- Film poster
- Croatian: Nocni brodovi
- Directed by: Igor Mirković
- Starring: Ana Karić Radko Polič
- Release date: 15 March 2012;
- Running time: 101 minutes
- Country: Croatia
- Language: Croatian

= Night Boats =

Night Boats (Noćni brodovi) is a 2012 Croatian drama film directed by Igor Mirković.

== Cast ==
- Ana Karić as Helena
- Radko Polič as Jakov
- Renata Ulmanski as Olgica
- Lana Barić as Anja
- Bogdan Diklić as Marko
- Marija Geml as Tonka
- Mirna Medaković as Trafikantica
- Zvonimir Torjanac as Vlado
- Jadranka Đokić as Frizerka
- Pero Kvrgić as General

== Production ==
Lead actress Ana Káric considered her participation in the film to be "the role of a lifetime.
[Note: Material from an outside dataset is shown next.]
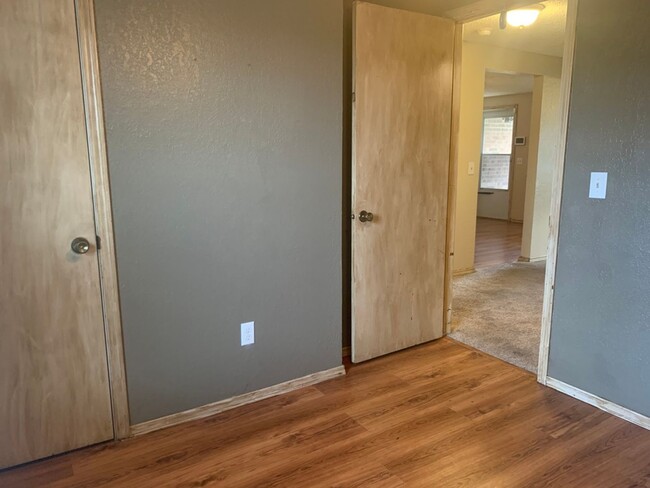 Building Photo - 8425 Bigwood Drive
Namely, she play[ed] a woman her age, a woman who, like a teenager, falls headlong in love with a man she met in a retirement home."

== Awards ==
The film received various awards:

- Best Film -Celebrating Age Award, Mumbai International Film Festival, India 2012.
- Award for Best Actress to Ani Karić - SEE a Paris (South East European Film Festival), France 2013.
- Golden Arena for the best leading female role - Ana Karić, Pula Film Festival 2012.
- Special Award for Feature Film - San Pedro International Film Festival, USA, 2012.
- Tree of Love Award - Ana Karić and Radko Polič, Film Days Mostar, Bosnia and Herzegovina 2012.